Exercise description:
When you reach the line that contains "French Terry Pullover Sweatshirt - Image 44", please begin copying, and carry on exactly to the last line of the material, leaving out every picture.
[Opening Provided material section]
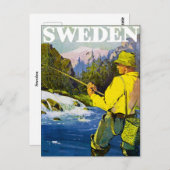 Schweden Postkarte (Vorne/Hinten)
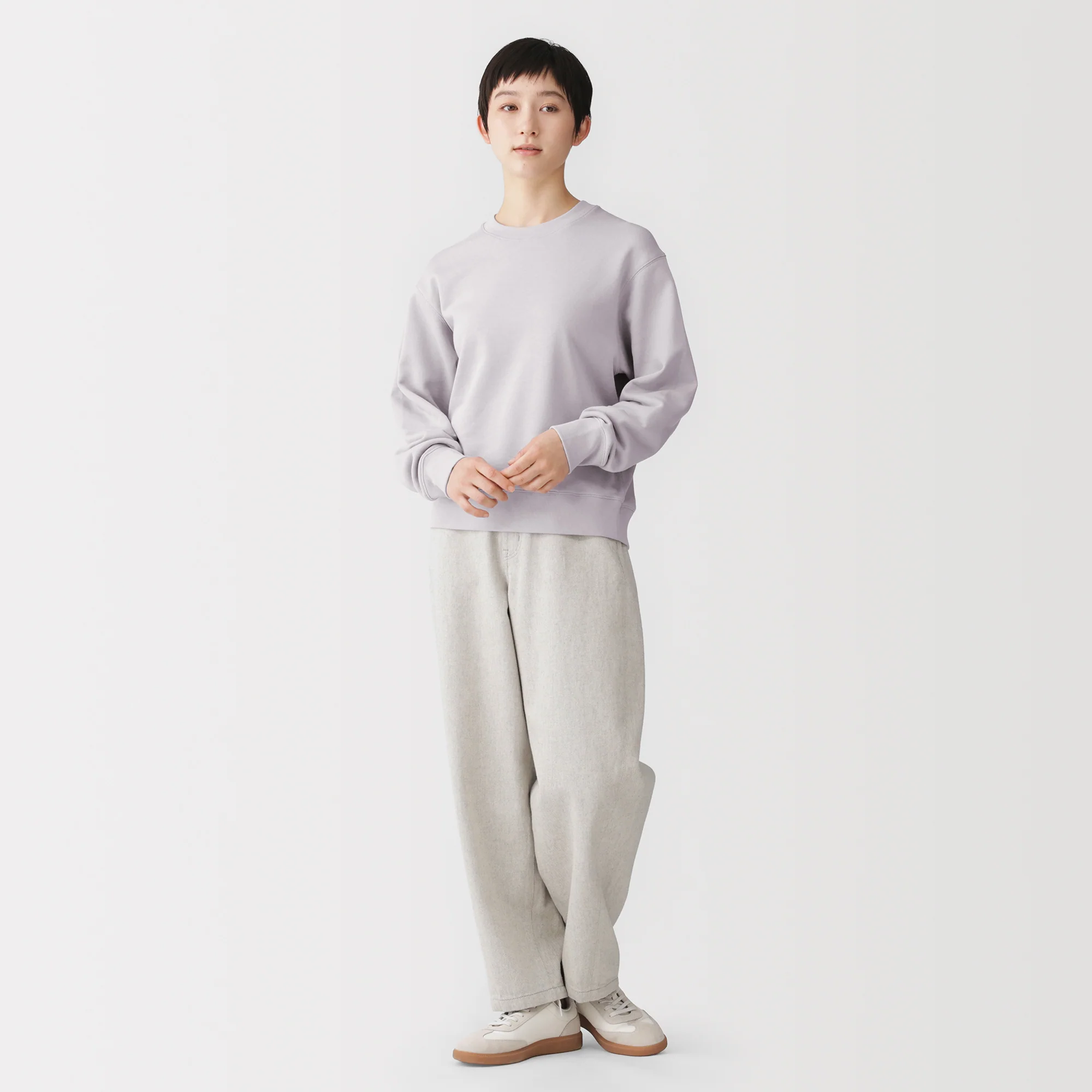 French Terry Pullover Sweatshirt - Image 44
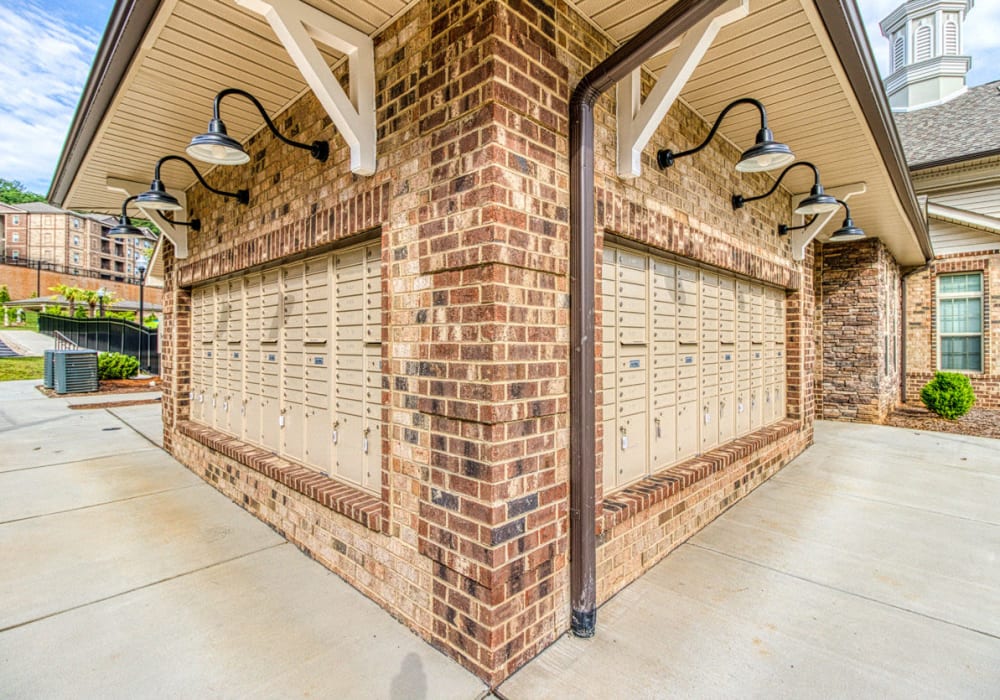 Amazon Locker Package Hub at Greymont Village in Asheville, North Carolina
[Closing Provided material section]
Solution to the exercise:
 French Terry Pullover Sweatshirt - Image 44
 Amazon Locker Package Hub at Greymont Village in Asheville, North Carolina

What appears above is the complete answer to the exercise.